Who can Apply for the Extended Home Buyer Tax Credit?

First-time home buyers who qualify will continue to receive a tax credit of 10% of the home's purchase price up to $8,000. A first-time home buyer is a person who has not owned a home for at least three years. If married, the spouse cannot have owned a home in that time frame either.


Under the current homeowner section of the program, any person who currently owns a home and is looking to sell and buy another home or has recently sold a home and is thinking of buying may qualify for a tax credit up to $6,500. However, the current home has to be the person's primary residence and they must have lived in the home at least five consecutive years in the past eight years. As with the first-time home buyer credit, qualifying is dependent upon income.


Income Qualifications

Income qualifications apply to both sections of the program. Incomes up to $125,000 a year for a single person and up to $225,000 for a married couple can qualify for the maximum tax credit. For a single person whose income goes beyond the $125,000 up to the maximum of $145,000, and married couples who earn over $225,000 up to the maximum of $245,000, they still can qualify for a lower tax credit. People who have incomes over the maximum amounts cannot qualify for the tax credit.

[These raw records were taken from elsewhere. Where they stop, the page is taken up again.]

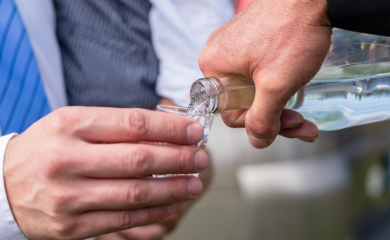 Srpska šljivovica na listi svjetske baštine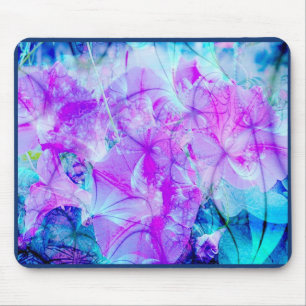 Anastasisa Mouse Pad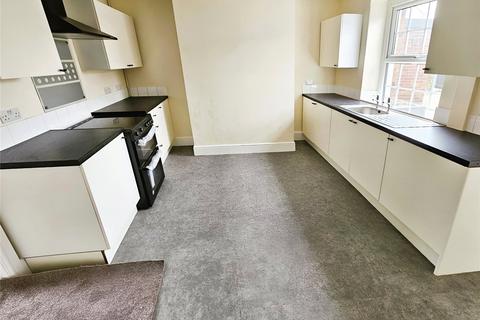 undefined, Normanby Road, Scunthorpe DN15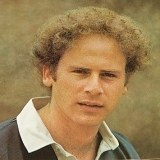 Art Garfunkel - Angel Clare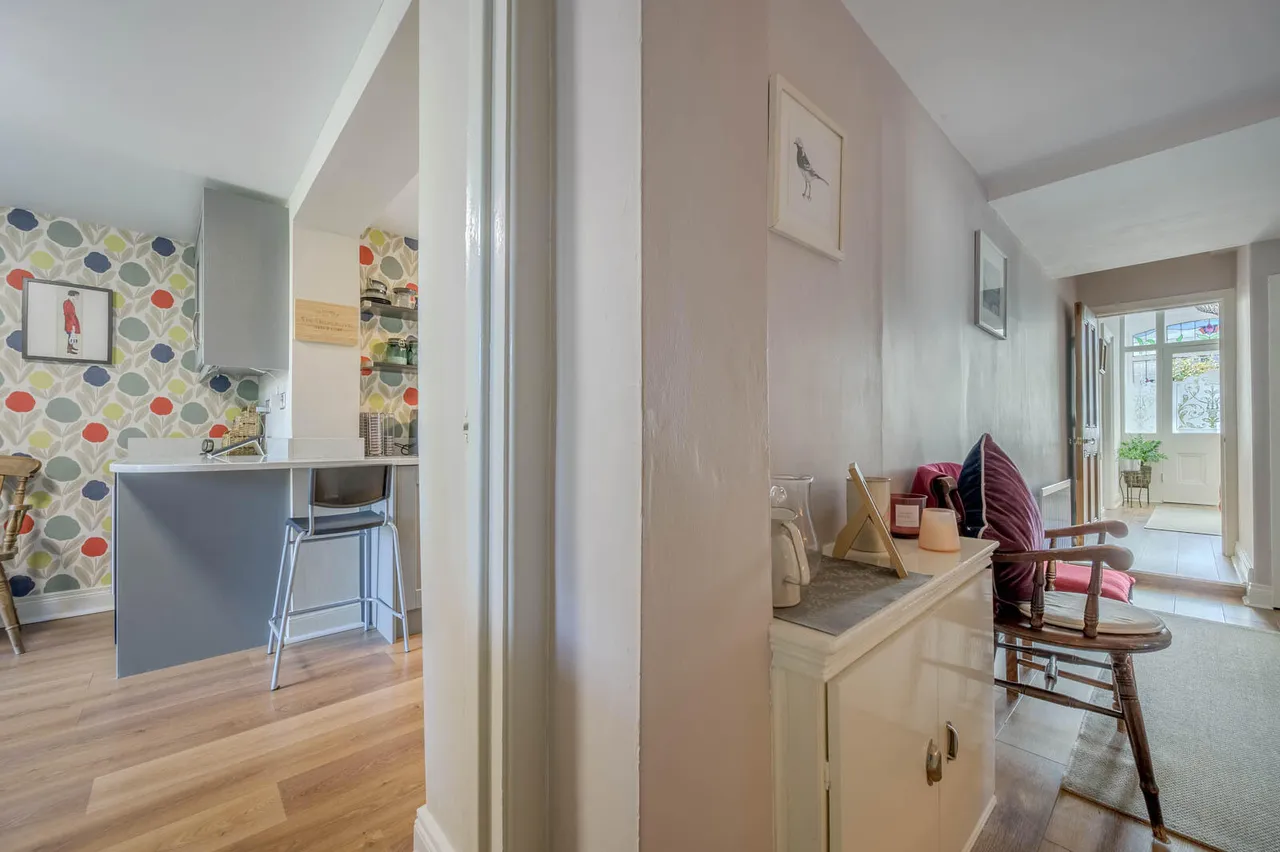 Ranfurly Avenue, bangor, BT20, photo 12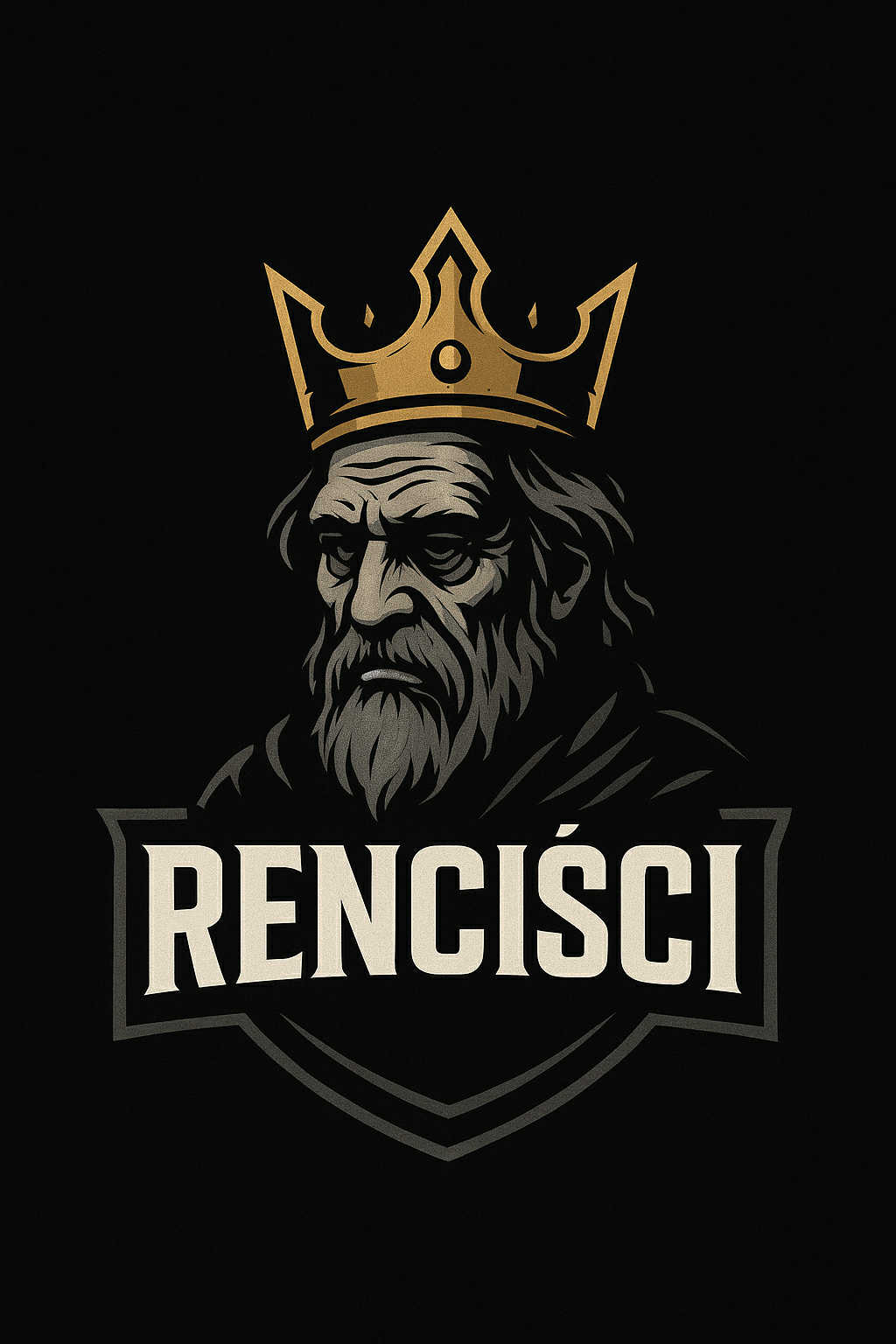 rencisci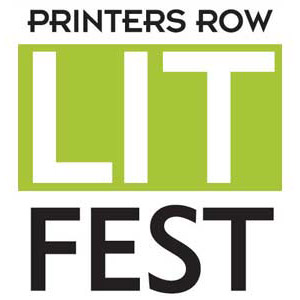 Printers Row Lit Fest.jpg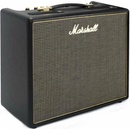 Marshall Origin 20C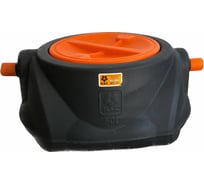 Жироуловитель KSC Пласт Инжиниринг MG-50 KSC-MG-50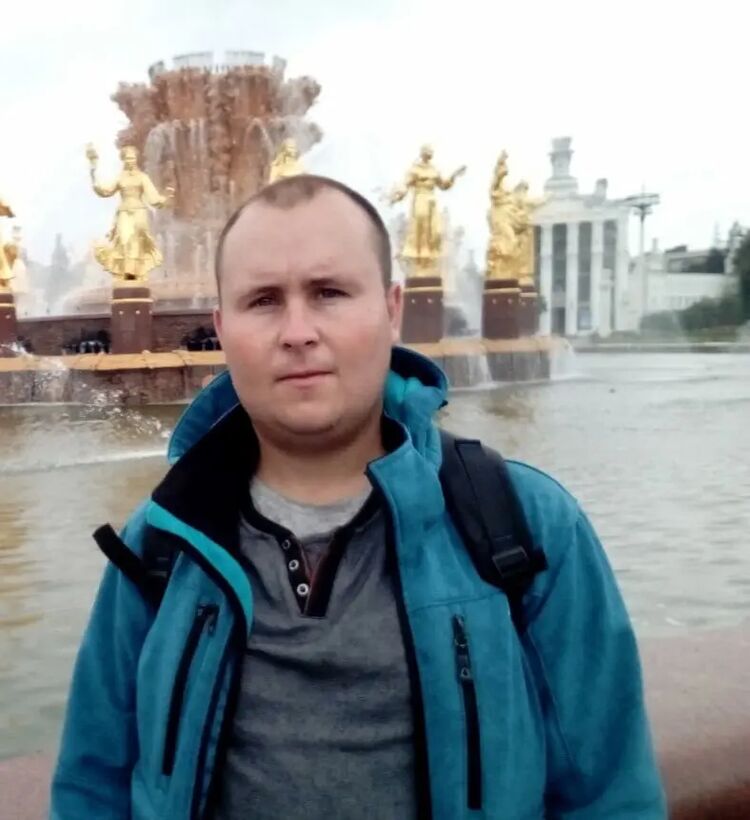 ���� 27847626 ������� �����, 27 ���, ���� ���������� � ������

Additional Extended Home Buyer Tax Program Details

Homes that qualify for the Extended Home Buyer Tax Credit include townhouses, condos, co-ops and single-family residences, either new or existing properties. No home over the price of $800,000 can qualify. The tax credit will be allowed on purchases up to the April 30, 2010 deadline as long as there is a written contract to purchase the home and the closing occurs by July 1, 2010. The buyer must live in the home for at least three years. If the home is sold before the three year time period, the tax credit must be paid back in full.


The passing of the Extended Home Buyer Tax Credit program makes this the perfect time to purchase a home. With the high inventory of homes for sale across the country at affordable prices and the lower-than-average interest rates available, it is a good time for people to buy their first home or move up to another one. People taking advantage of this opportunity may finally be able to own the home of their dreams.